WHAT THE TASK REQUIRES -> Could you output exactly the lines running from the one containing "04 05 06 07" to the final line of the listing below, leaving out pictures?

INFORMATION ->
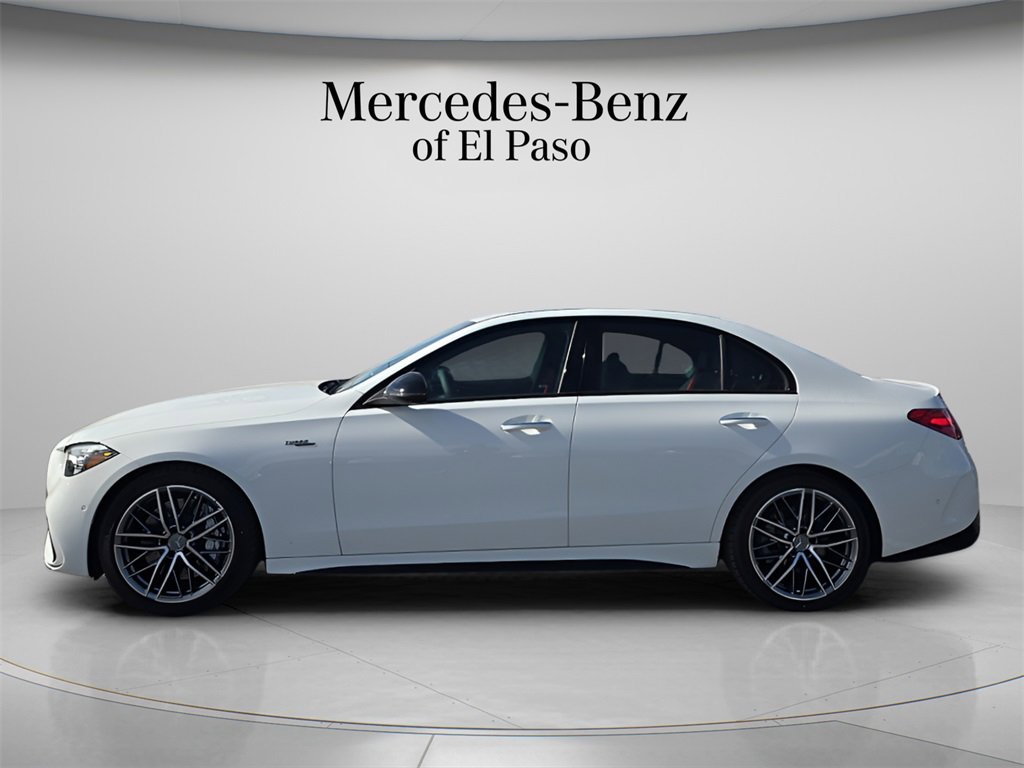New 2026 Mercedes-Benz C 43 AMG 4MATIC Sedan image 5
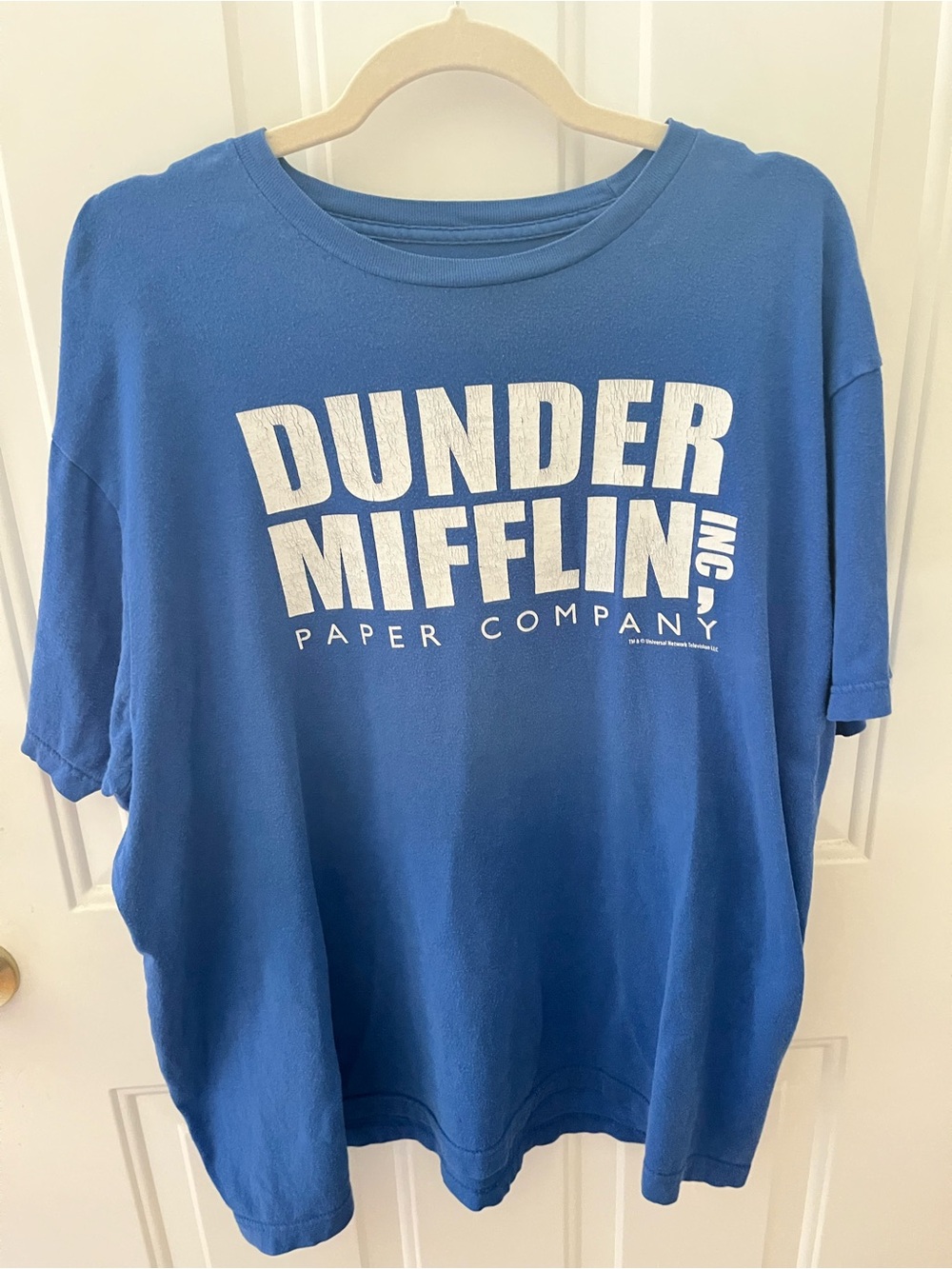 The Office Dunder Mifflin Graphic Tee | XL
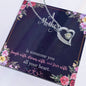 Gift for Mom "A Mother Is..." Forever Love Necklace - Someone Said Gift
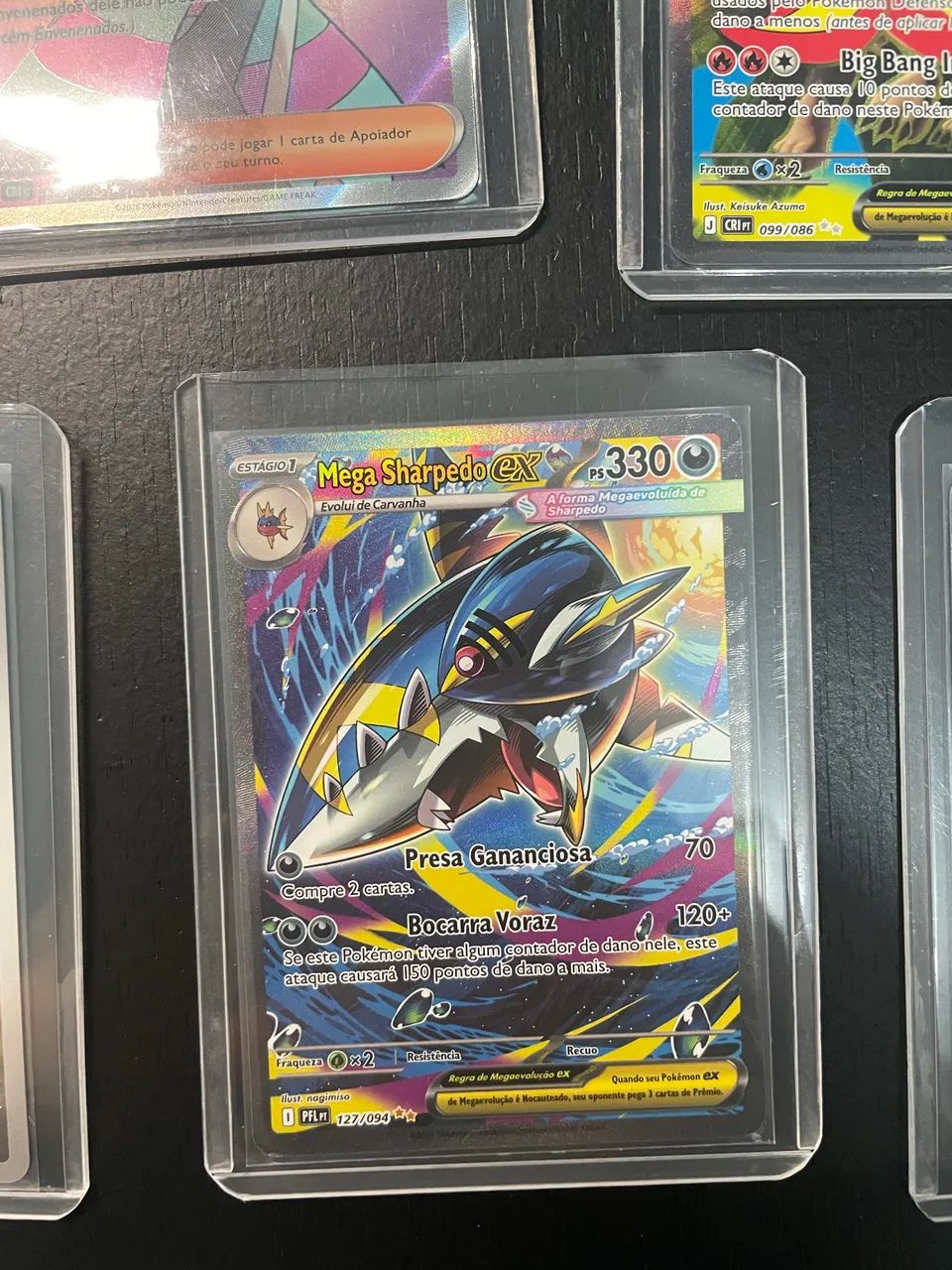 Vendo lote coleção pokemon - Foto 2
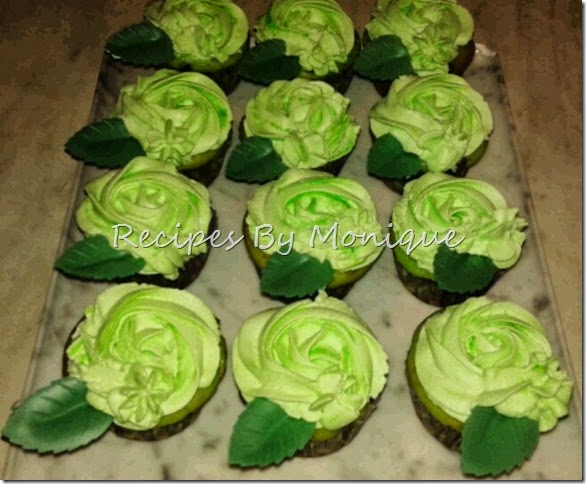 Cupcakes De Pandan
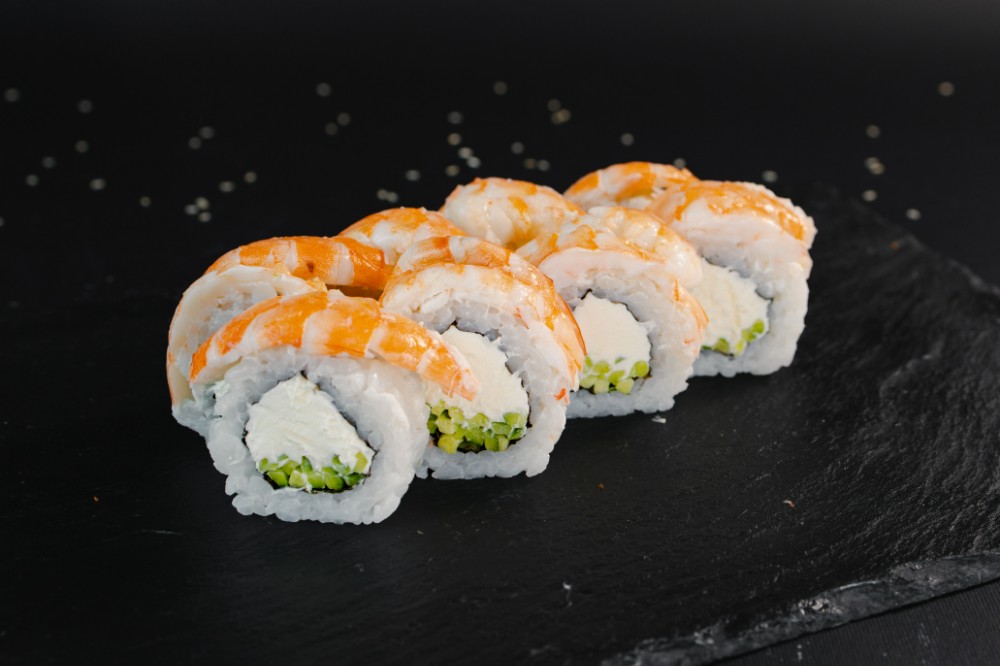 Філадельфія з креветкою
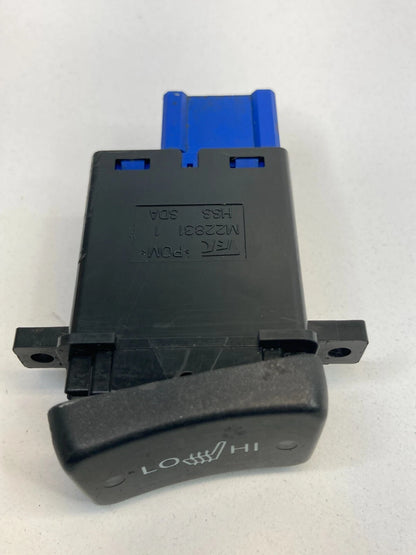04 05 06 07 08 ACURA TL CENTER CONSOLE HEATED SEAT CONTROL SWITCH M22831 OEM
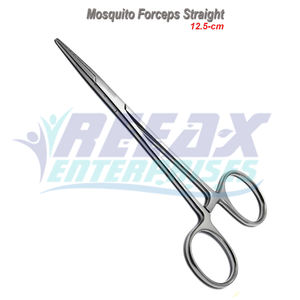 La base de la abrazadera hemostática quirúrgica Pinzas de bloqueo Alicates de mano quirúrgicos Instrumentos médicos DE REEAX ENTERPRISES - Product Image 5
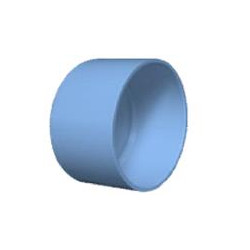 PVC End Cap Pn9 Fabricated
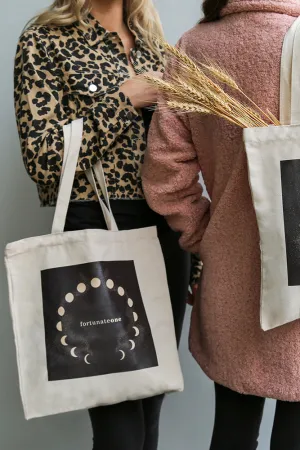 Full Moon Tote Bag
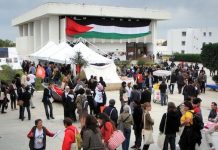 Palestinos en el FSM 2013
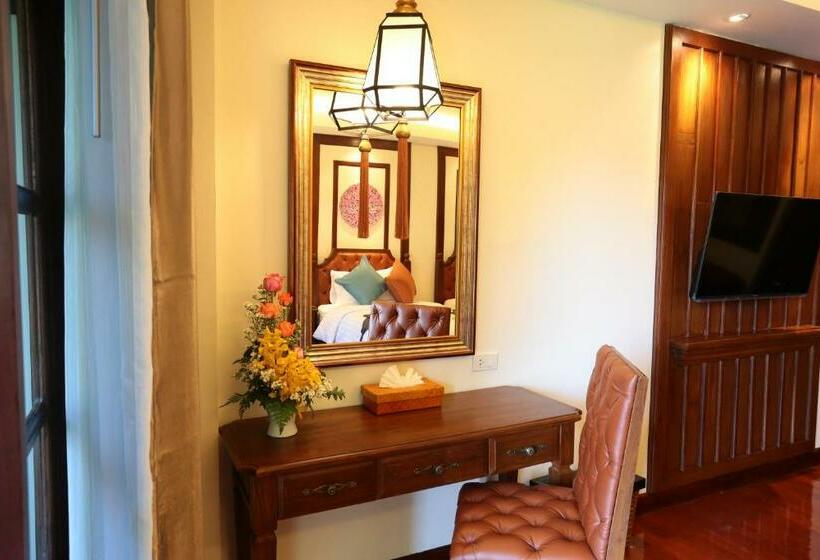 豪华房间, Viangluang Resort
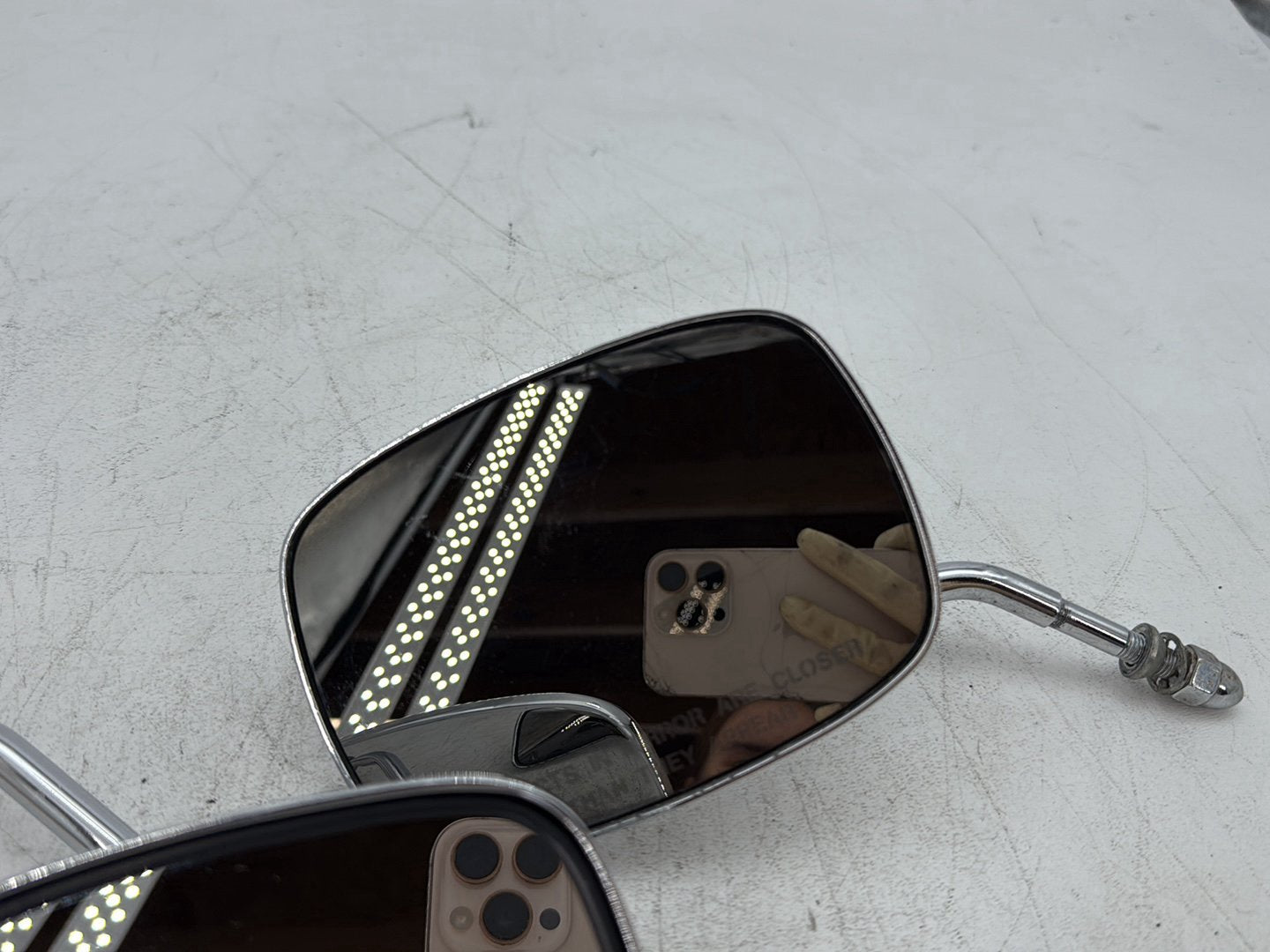 1996 Harley Electra Glide Touring FLHT OEM Left Right Rear View Mirror
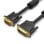 Cable Vention EACBF DVI Macho - VGA Macho 1m Negro PVC Contactos Dorados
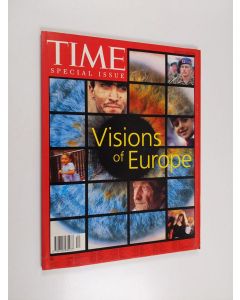 käytetty kirja Time special issue : Visions of Europe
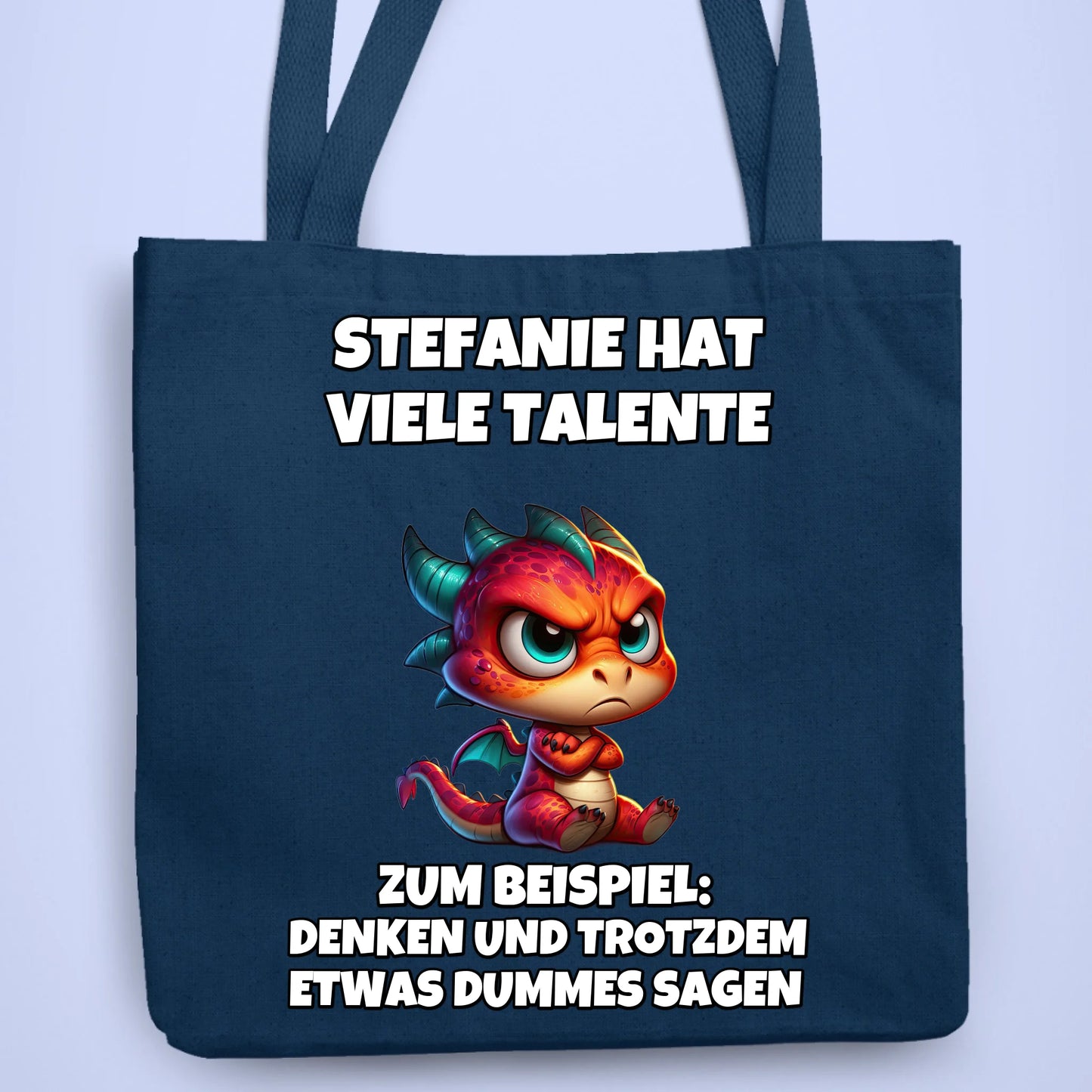 Personalisierbare Tasche Viele Talente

WRITTEN REPLY ->
04 05 06 07 08 ACURA TL CENTER CONSOLE HEATED SEAT CONTROL SWITCH M22831 OEM
 La base de la abrazadera hemostática quirúrgica Pinzas de bloqueo Alicates de mano quirúrgicos Instrumentos médicos DE REEAX ENTERPRISES - Product Image 5
 PVC End Cap Pn9 Fabricated
 Full Moon Tote Bag
 Palestinos en el FSM 2013
 豪华房间, Viangluang Resort
 1996 Harley Electra Glide Touring FLHT OEM Left Right Rear View Mirror
 Cable Vention EACBF DVI Macho - VGA Macho 1m Negro PVC Contactos Dorados
 käytetty kirja Time special issue : Visions of Europe
 Personalisierbare Tasche Viele Talente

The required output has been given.